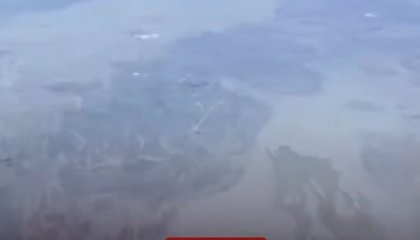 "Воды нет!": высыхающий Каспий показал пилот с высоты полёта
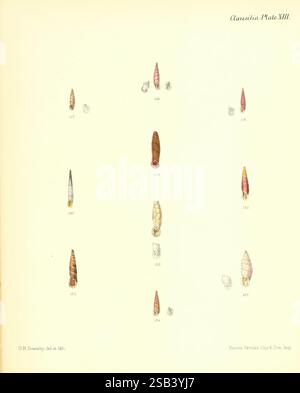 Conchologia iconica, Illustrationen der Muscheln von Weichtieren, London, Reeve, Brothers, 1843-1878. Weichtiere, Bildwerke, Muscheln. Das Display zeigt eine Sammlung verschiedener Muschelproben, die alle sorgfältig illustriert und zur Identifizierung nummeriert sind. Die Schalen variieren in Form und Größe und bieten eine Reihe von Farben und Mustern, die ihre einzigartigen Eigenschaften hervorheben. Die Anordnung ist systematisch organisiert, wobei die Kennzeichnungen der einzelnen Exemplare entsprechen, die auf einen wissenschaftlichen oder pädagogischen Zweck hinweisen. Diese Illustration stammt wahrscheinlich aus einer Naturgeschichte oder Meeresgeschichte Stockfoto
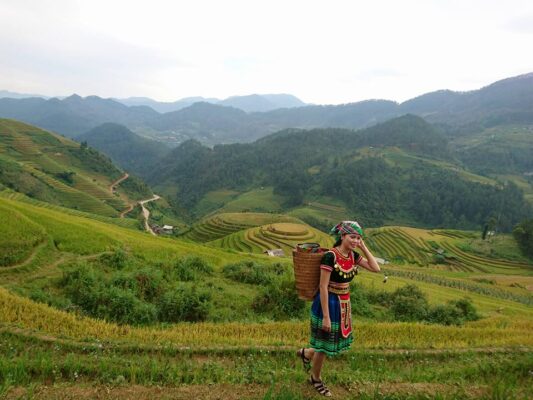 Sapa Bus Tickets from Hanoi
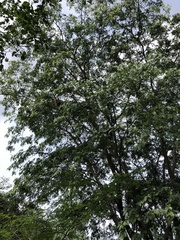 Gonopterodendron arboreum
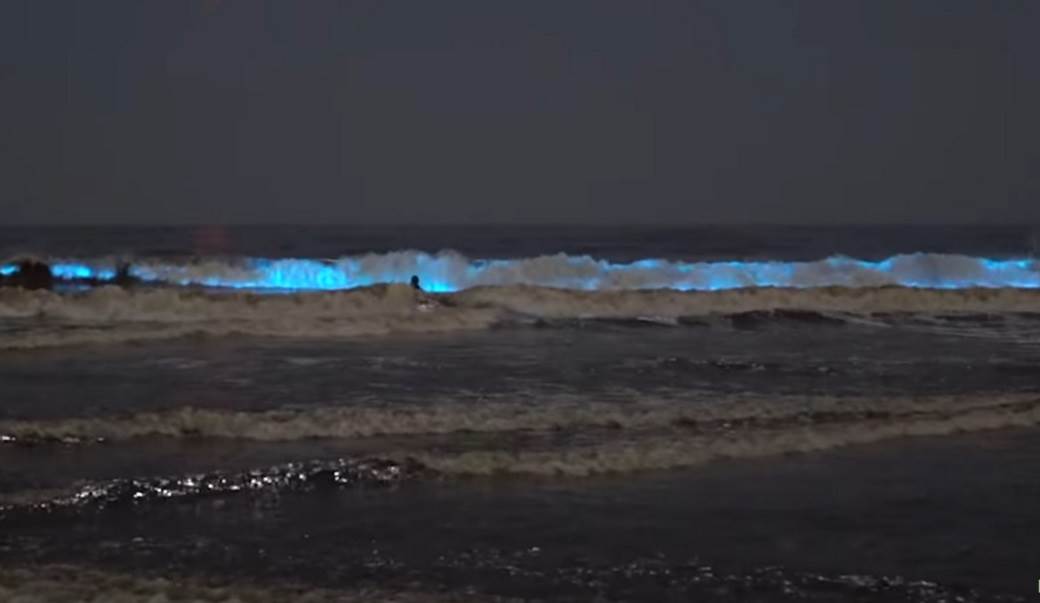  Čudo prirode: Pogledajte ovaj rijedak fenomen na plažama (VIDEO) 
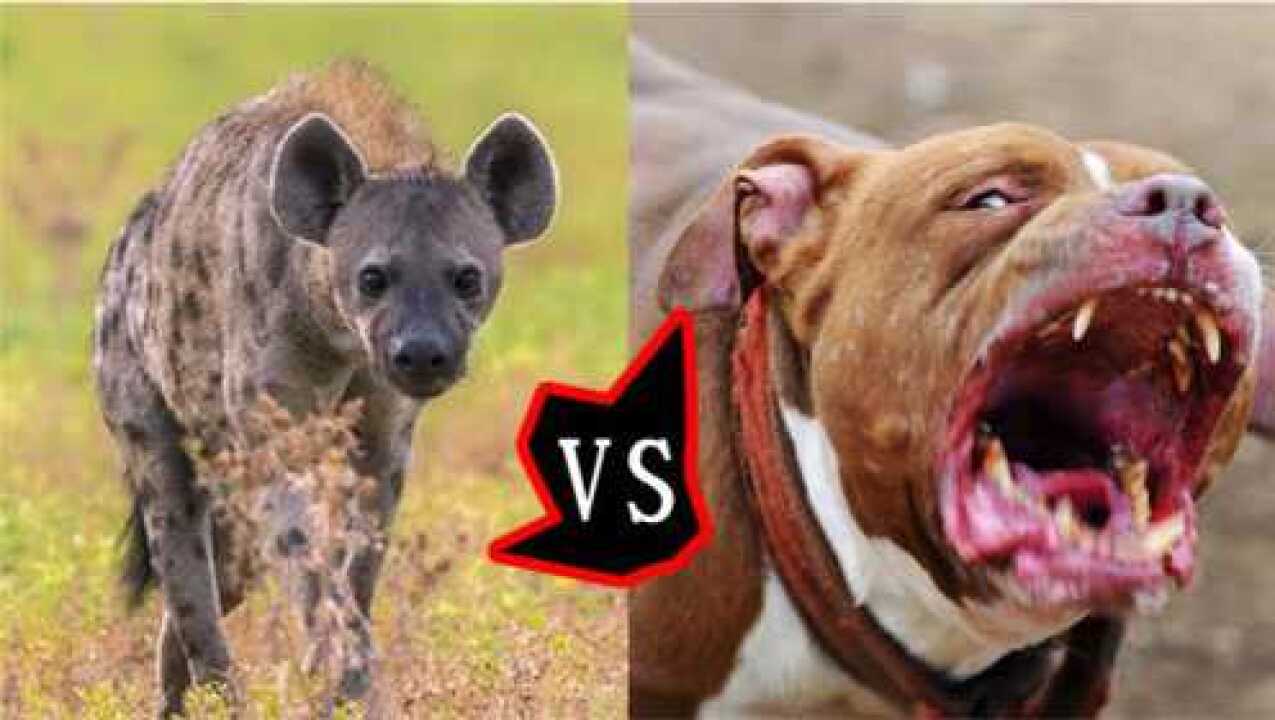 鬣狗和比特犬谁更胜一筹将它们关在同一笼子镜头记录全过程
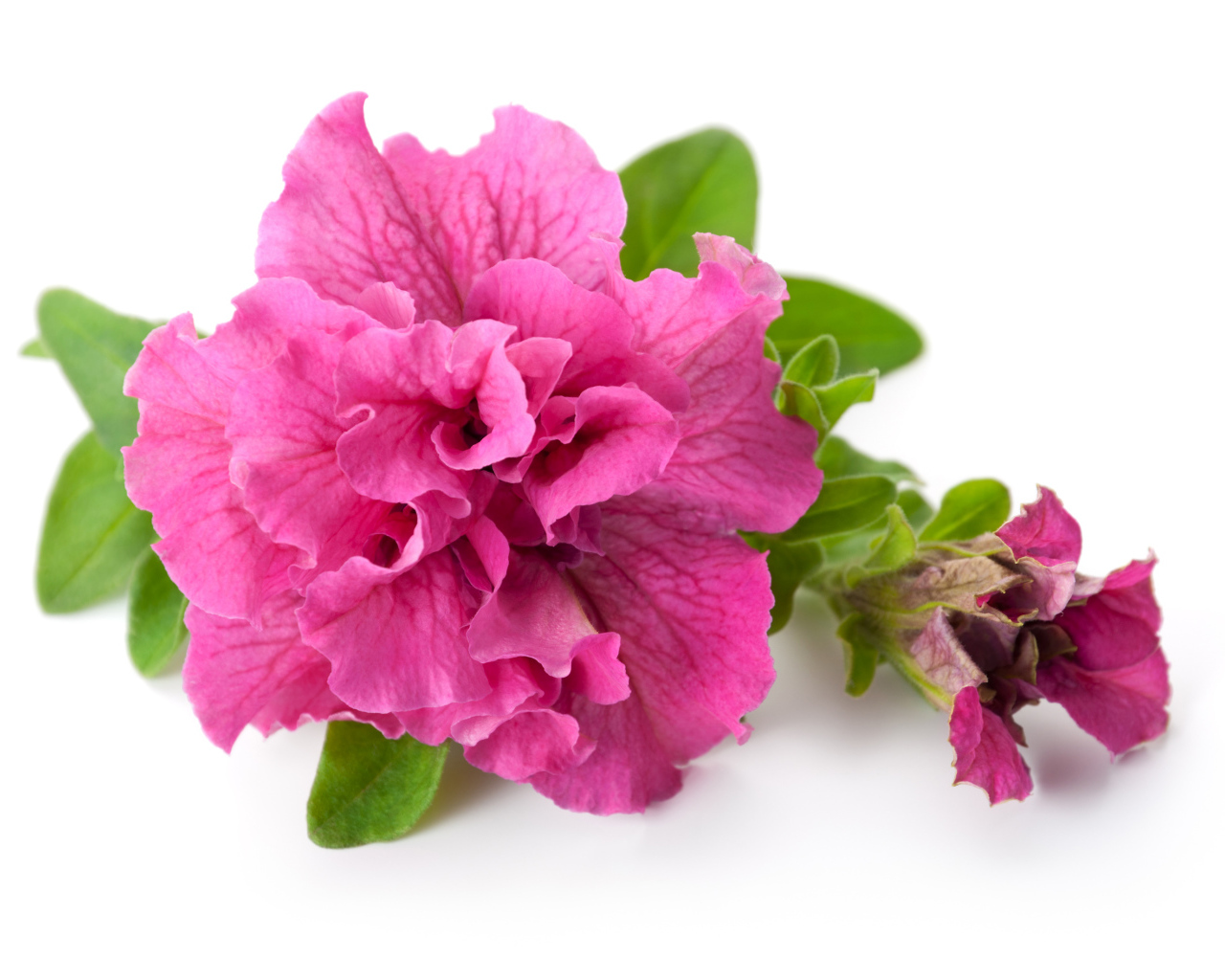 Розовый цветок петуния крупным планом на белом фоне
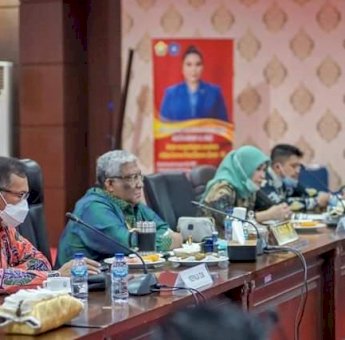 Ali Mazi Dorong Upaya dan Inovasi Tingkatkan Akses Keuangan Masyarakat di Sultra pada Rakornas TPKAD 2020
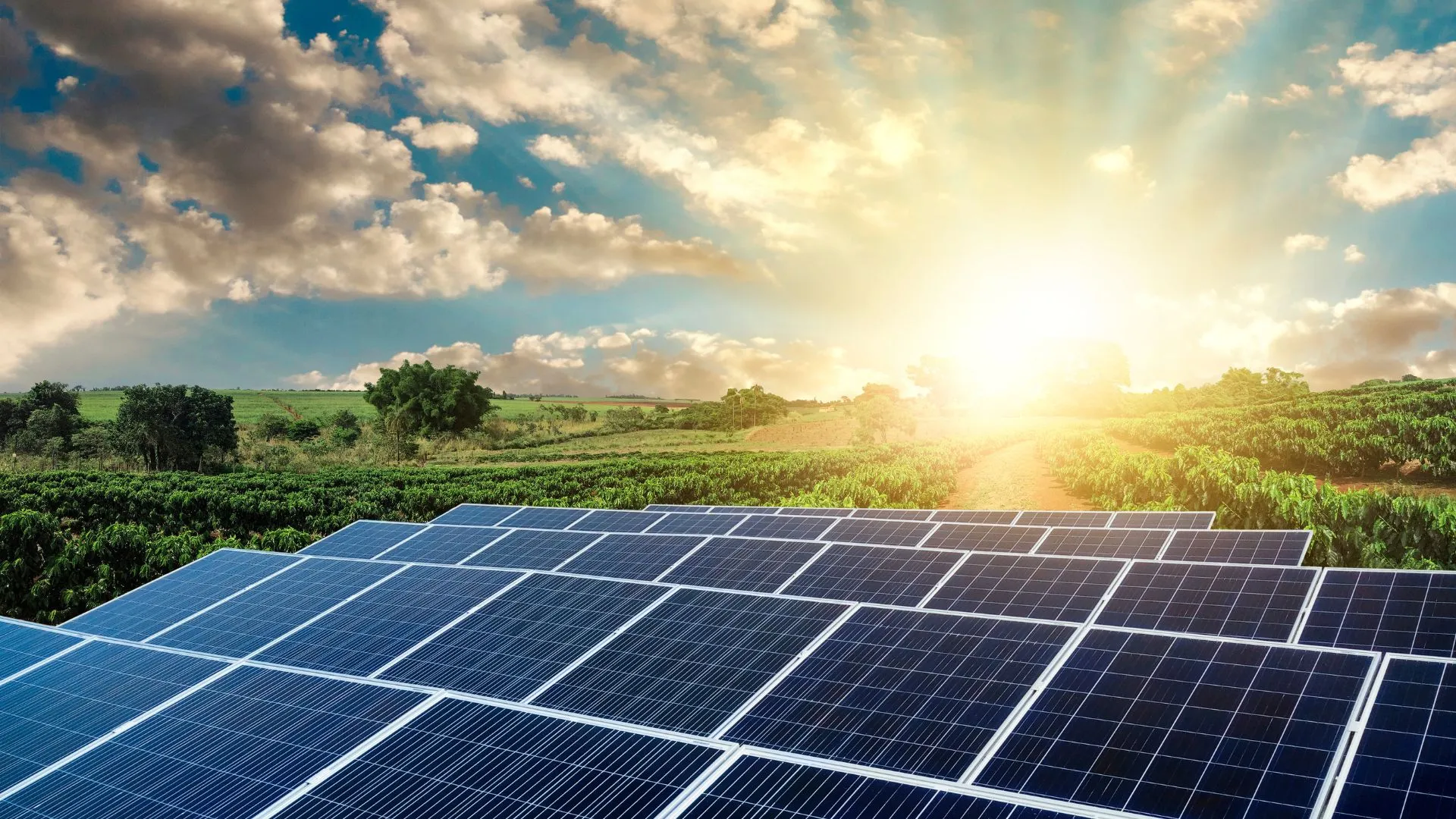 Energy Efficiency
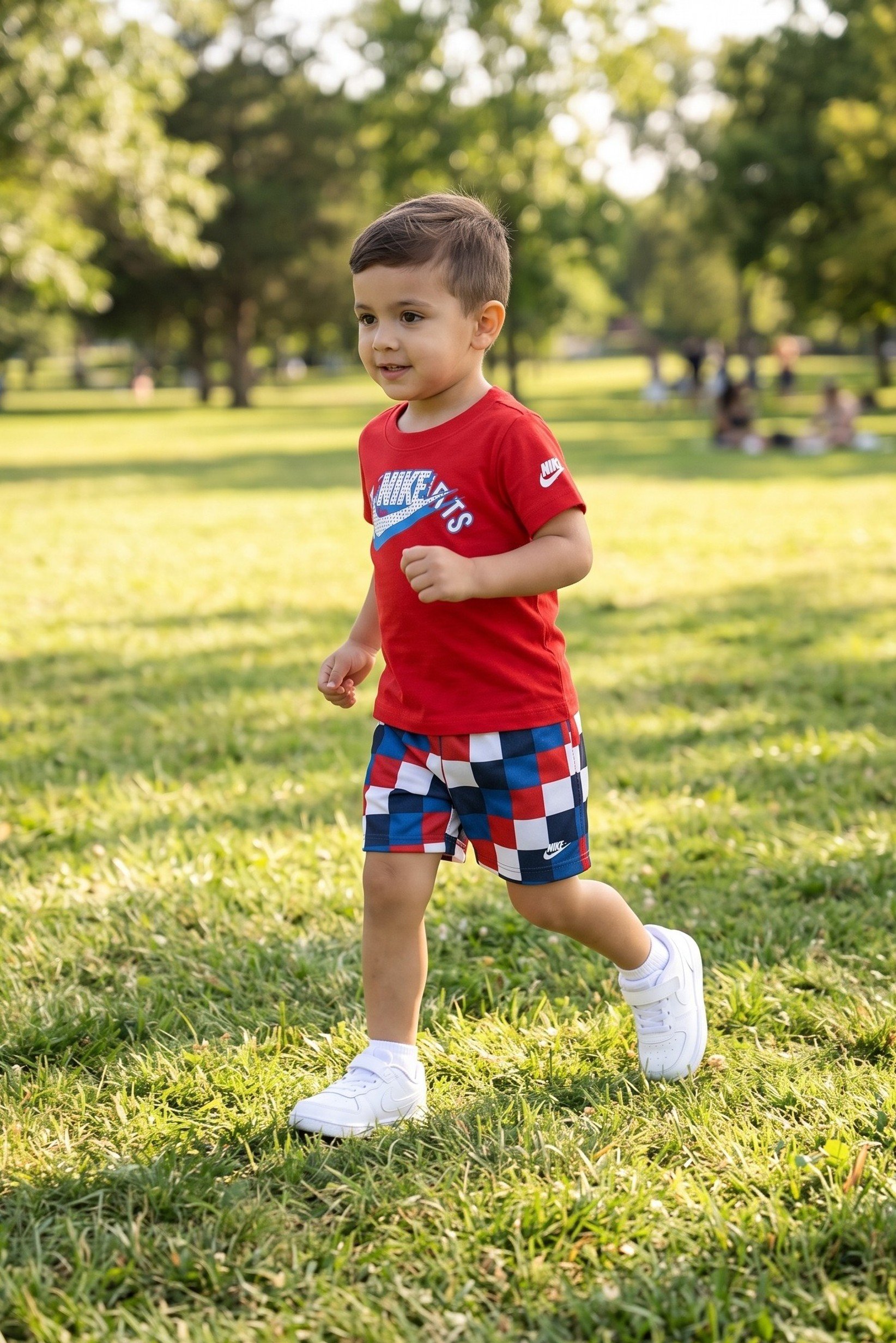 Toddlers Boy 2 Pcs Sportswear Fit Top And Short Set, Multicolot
______________________________
▸ **Work to complete**: Please return only the lines from the top of the data through the line with "Sapa Bus Tickets from Hanoi", exactly as written, and drop every picture.

▸ **Response to this task**:
 "Воды нет!": высыхающий Каспий показал пилот с высоты полёта
 Conchologia iconica, Illustrationen der Muscheln von Weichtieren, London, Reeve, Brothers, 1843-1878. Weichtiere, Bildwerke, Muscheln. Das Display zeigt eine Sammlung verschiedener Muschelproben, die alle sorgfältig illustriert und zur Identifizierung nummeriert sind. Die Schalen variieren in Form und Größe und bieten eine Reihe von Farben und Mustern, die ihre einzigartigen Eigenschaften hervorheben. Die Anordnung ist systematisch organisiert, wobei die Kennzeichnungen der einzelnen Exemplare entsprechen, die auf einen wissenschaftlichen oder pädagogischen Zweck hinweisen. Diese Illustration stammt wahrscheinlich aus einer Naturgeschichte oder Meeresgeschichte Stockfoto
 Sapa Bus Tickets from Hanoi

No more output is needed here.